No obstante, si hubiera sido capaz de permanecer en la puerta del capitán, habría sido testigo de la cobardía…

—Gussie, no llores. ¡Maldita charlatana, que viene de visita y te solivianta! ¡Ahora no, Gussie! Nunca pensé… Gussie, no llores.

—Me he preocupado casi hasta morir. Lo… ¡lo prometo!

—Oh, tu abuela era una Mur… Gussie, querida, ahora no.

—El doctor Lavendar dijo que siempre había sido muy sensato, y que no entendía cómo podía pensar una cosa tan atroz.

—¿Qué? ¿Lavendar? Le agradeceré a Lavendar que preste atención a sus propios asuntos.

El capitán Price se olvidó de Gussie por un instante y habló ardientemente.

—Maldita sea esta gente tan entrometida… ¡Oh, vamos, Gussie, no llores!

—Me preocupo tan terriblemente —dijo la señora Cyrus—. Todo el mundo murmura sobre usted. El doctor Lavendar está tan… tan enojado al respecto; y ahora la hija ha arremetido contra mí, como si el problema fuera culpa mía. Ciertamente es muy extraña, pero…

—¿Extraña? ¡Es completamente absurda! ¿Por qué le prestas atención? Gussie, nunca he pensado en nada semejante… ni tampoco la señora North.

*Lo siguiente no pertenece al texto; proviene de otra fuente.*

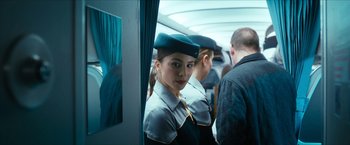 Movie still from “7500” (2019), directed by Patrick Vollrath – A group of people in uniforms on a train; Medium shot, Over the shoulder angle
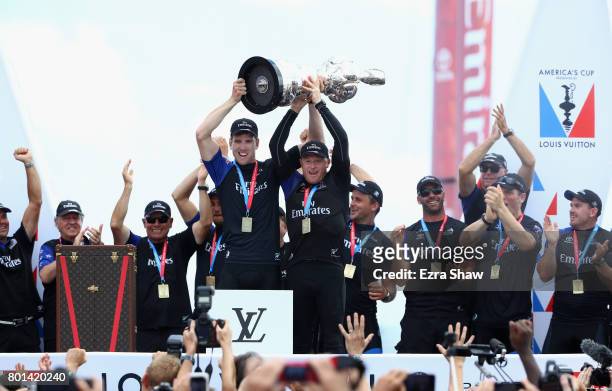 Emirates Team New Zealand helmsman Peter Burling and skipper Glenn Ashby receive the "Auld Mug" trophy after winning the America's Cup Match...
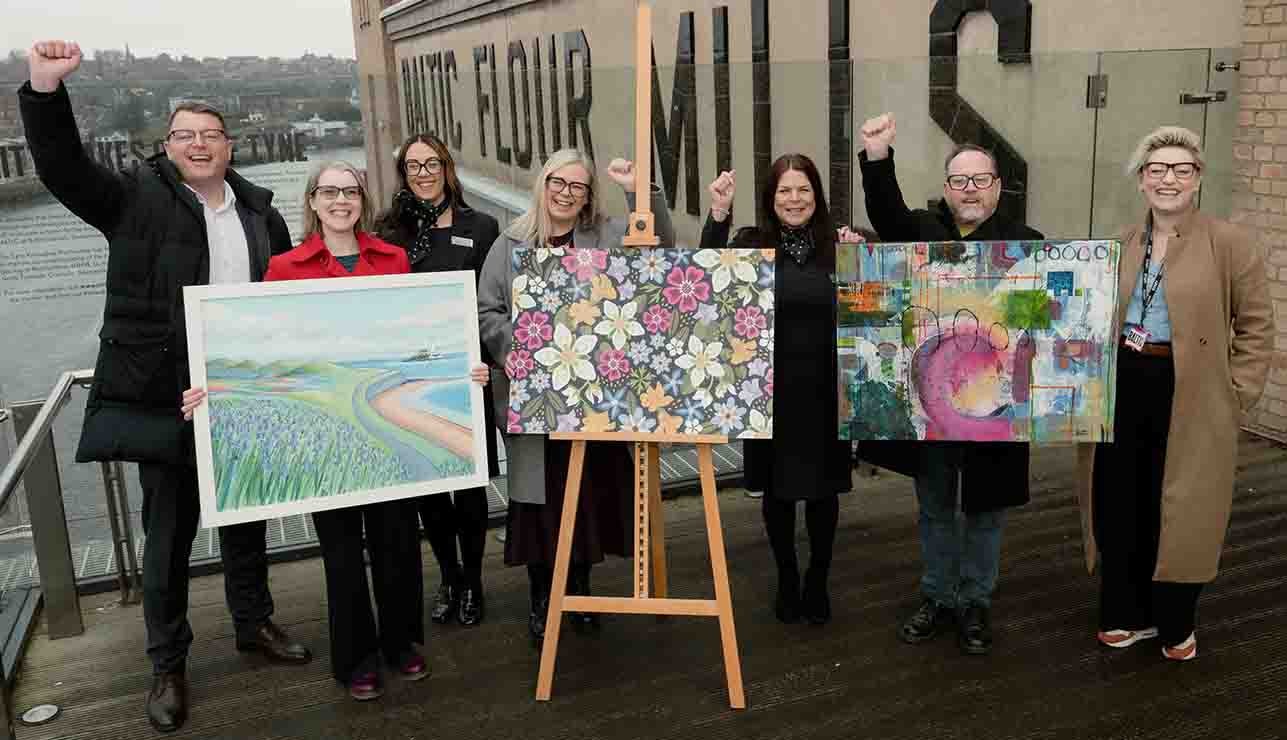 A group of people holding up paintings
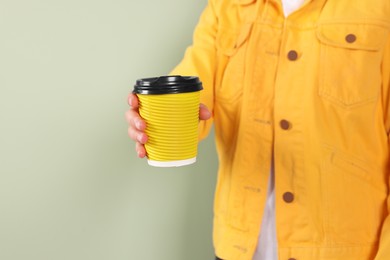 Photo of Woman holding takeaway cup with drink on pale green background, closeup view and space for text. Coffee to go
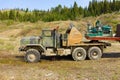 A truck hauling materials needed for mining gold at otter creek, bc,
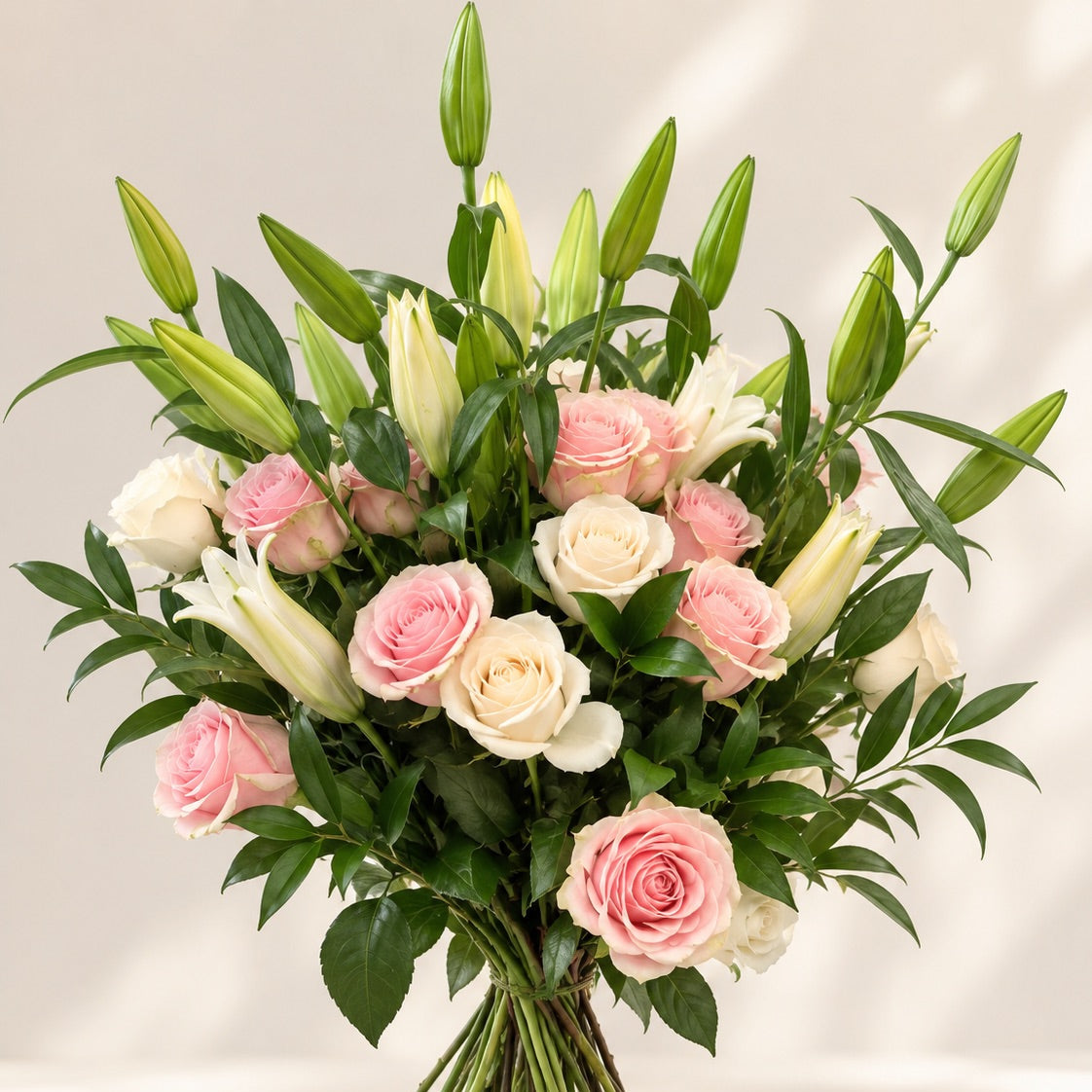 A vibrant floral bouquet featuring pink and cream roses, white lilies, and green lily buds with lush green leaves, arranged in a dense bundle and set against a soft beige background with subtle shadows.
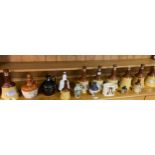 A Collection of empty bells and flagon decanters to include small grouse design flagon- full and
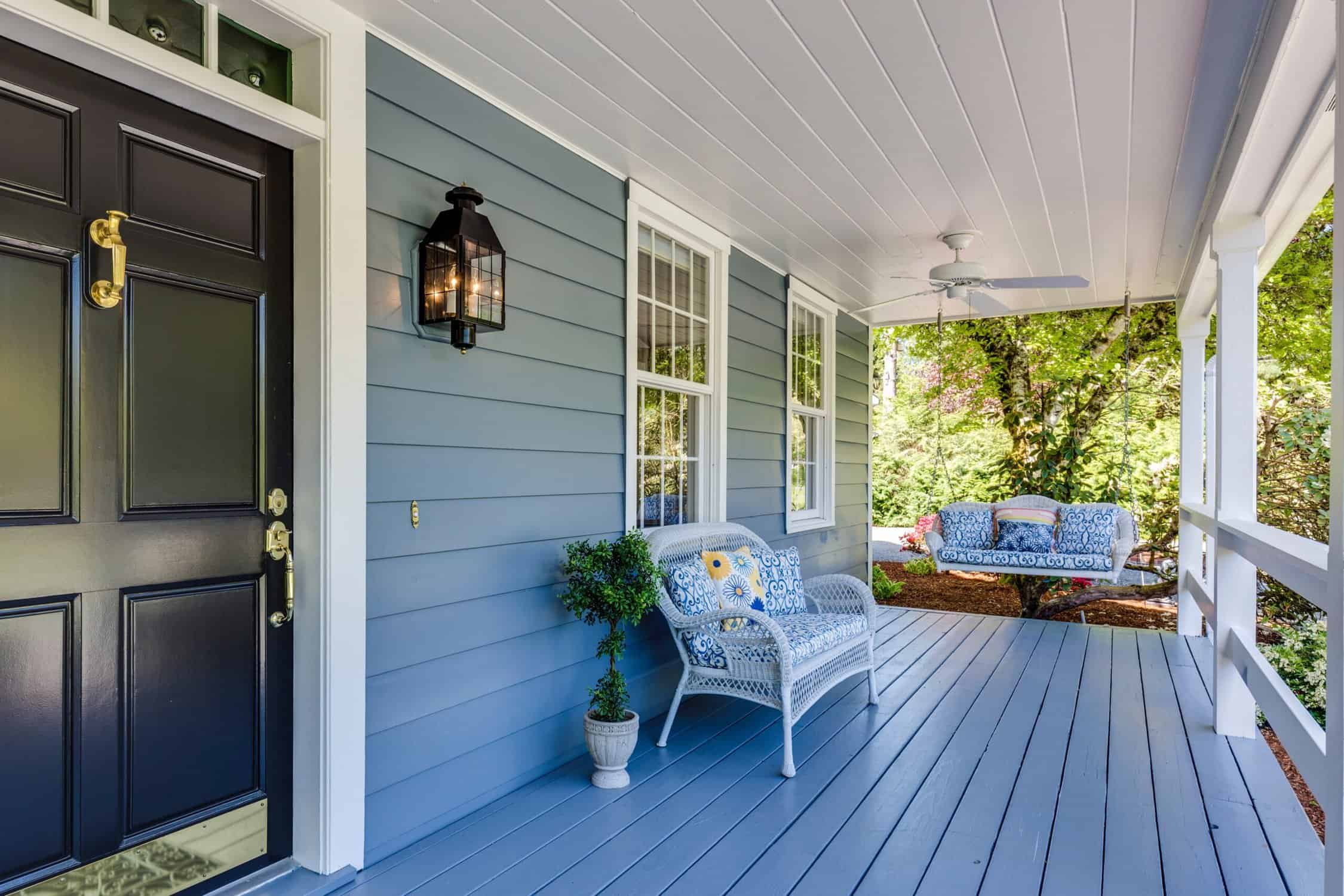 front porch painted in light blue and white with black door, with accent chair and hammock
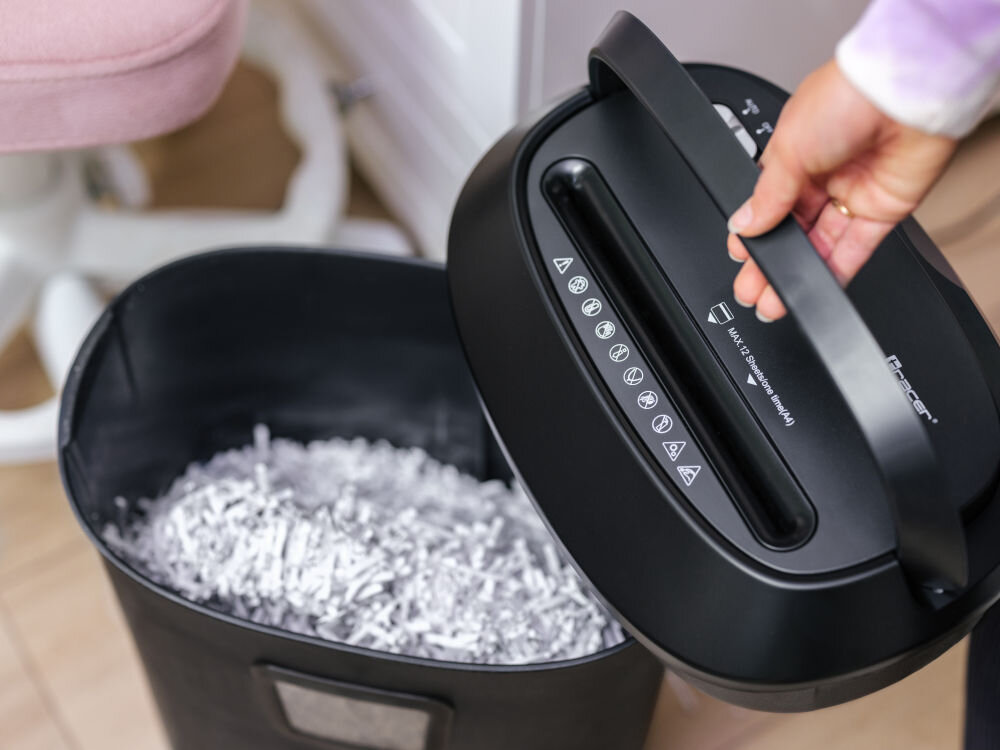 Niszczarka TRACER FileCrusher prezentacja niszczarki zbliżenie na otwartą pokrywę trzymaną w dłoni w pokoju system zabezpieczenia przed przegrzaniem zintegrowany uchwyt wygoda obsługi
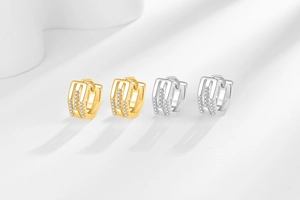 Vue détaillée de boucles d'oreilles huggie géométriques en or et argent avec zircons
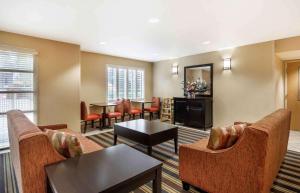 a waiting room with couches and tables and chairs at Extended Stay America Suites - Seattle - Bothell - Canyon Park in Bothell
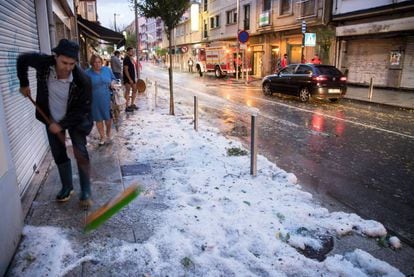 A man sweeps away hail in the center of Arzua, Galicia.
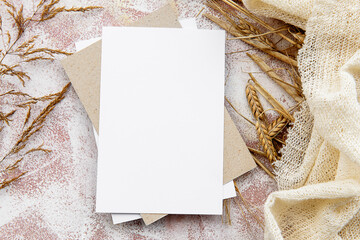 Stationery gentle natural background - a blank greeting card and flowers spikes. Top view, close-up, and copy space.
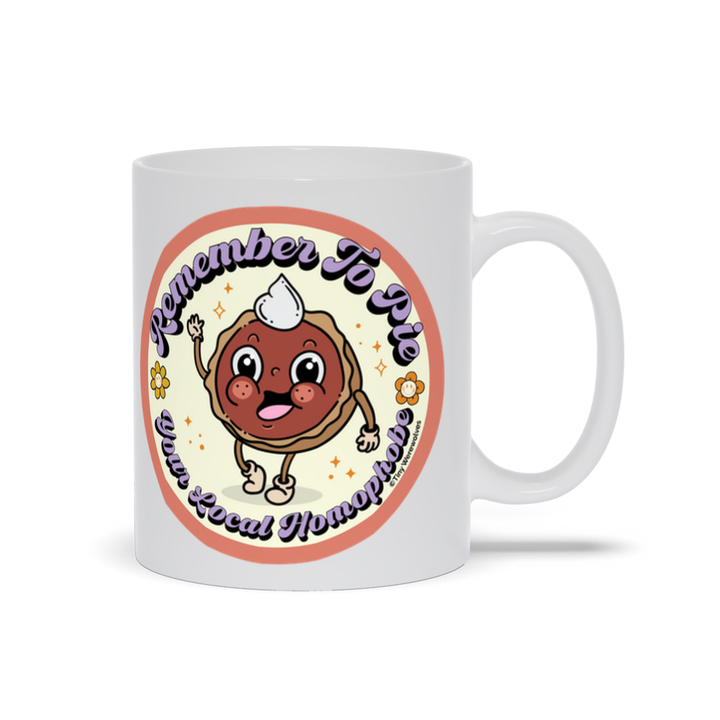 Based in Chicago by queer artist & designer Kayla Pekkala - Tiny Werewolves | Pie Your Local Homophobe Mug in 11 oz | Shop to get your Mug with collections featuring retro-inspired designs infused with social commentary art, highlighting modern social & current events.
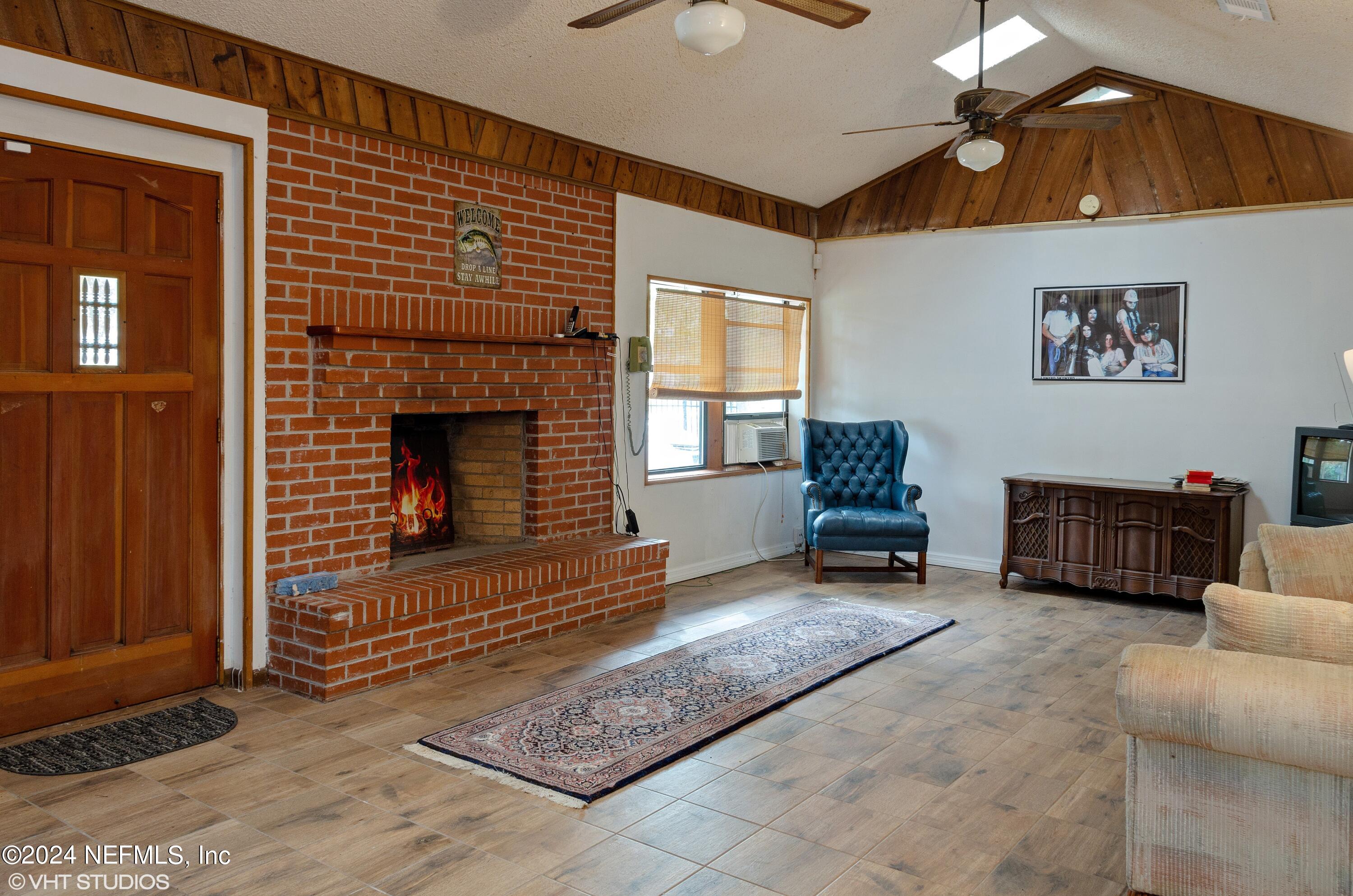 5419 Woodcrest Road Jacksonville, FL 32205 - Photo 3 of 25 a living room with furniture and a fireplace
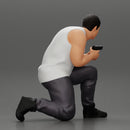 Gangster in pants sitting and holding a gun hides behind the car - Only-Games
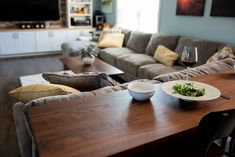 a wooden table topped with two white bowls filled with food and a glass of wine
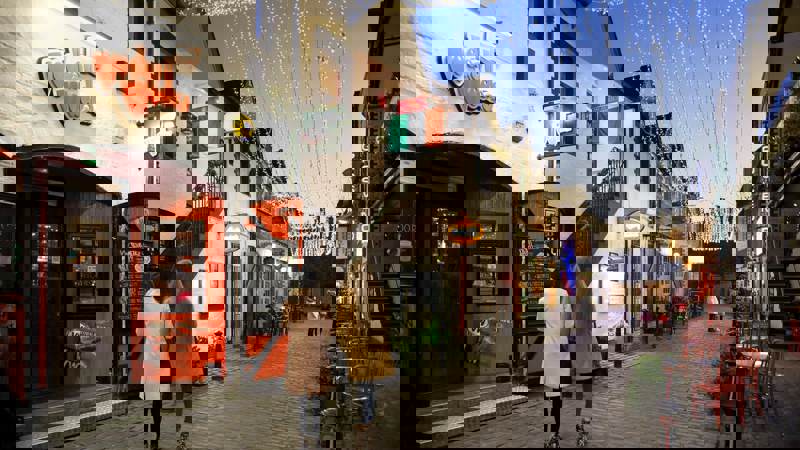 Evening view of Ashton Lane, Glasgow, with Vodka Wodka bar entrance, twinkling overhead lights, and people walking along the cobbled street.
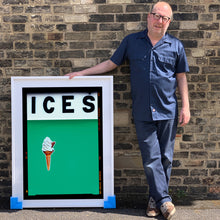 Load image into Gallery viewer, Photograph by Richard Heeps.  Richard Heeps holds a white framed print. At the top of the print, black letters spell out ICES and below is depicted a 99 icecream cone sitting left of centre against a viridian green coloured background.  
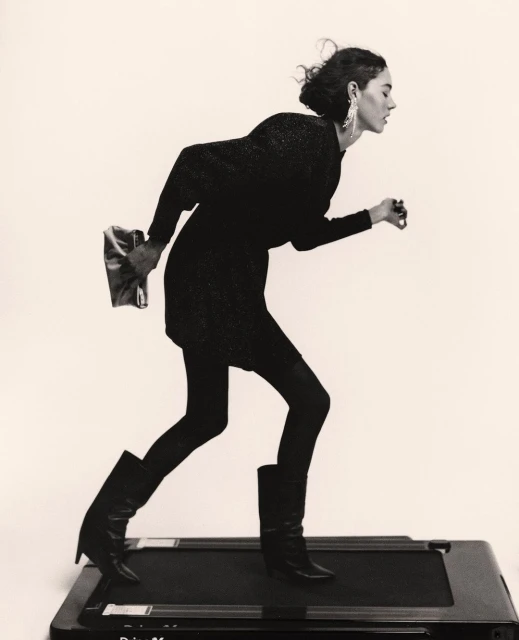 Monochrome portrait of a woman in a dress on a treadmill, holding a clutch, side profile view, in a photo studio against a plain backdrop.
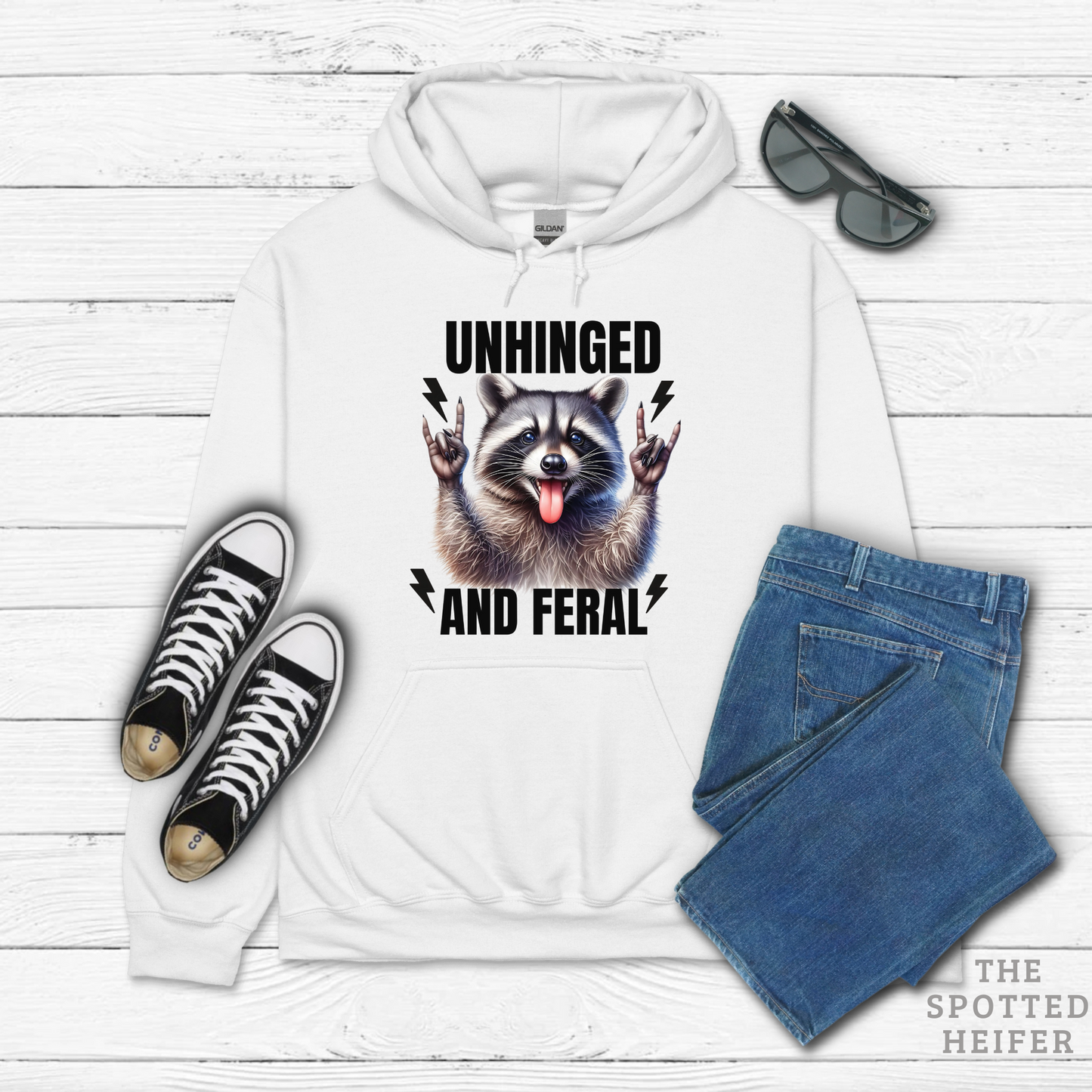 White Gildan hoodie featuring a playful raccoon graphic with the text 'Unhinged and Feral' on the front, showing the raccoon with a mischievous expression and vibrant details.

—¡Oh, sí!, su hija dijo que había tenido que hablar con ella.

El capitán Price, perplejo, olvidó su temor y exclamó:

—Sois como una jauría de tontos; la cuadrilla entera. ¡Maldita sea…!

—¡Oh, no blasfeme! —dijo Gussie débilmente mientras comenzaba a tambalearse, de modo que todo el terror del capitán regresó.

«¿Y si se desmaya?».

—¡Cyrus, aquí! Ven a popa, ¿quieres? Gussie se ha puesto lívida hasta las cejas… ¡Cyrus!

Cyrus llegó corriendo, y entre los dos llevaron a Gussie ya desvanecida a su cuarto. Más tarde, cuando Cyrus bajó las escaleras de puntillas, se encontró con el capitán ante la puerta de su «guarida». El anciano gesticulaba misteriosamente.

—Cy, muchacho, ven aquí.

Se palpó el bolsillo buscando la llave que daba acceso a su refugio.

—Cyrus, te diré lo que ha sucedido. ¡Esa charlatana de enfrente entró y le contó a la pobre Gussie algún cuento chino sobre su madre y sobre mí…!

El capitán se echó a reír entre dientes y recogió su armónica.

—… y con ello le dio un susto de muerte a Gussie.

Luego, con una fiera severidad repentina, exclamó:

—Esas personas que meten sus narices en los asuntos de los demás deberían ser apaleadas. Pues bien, voy a ver a la señora North.

Y se fue con paso firme, dejando a Cyrus siguiéndole con la mirada, perplejo.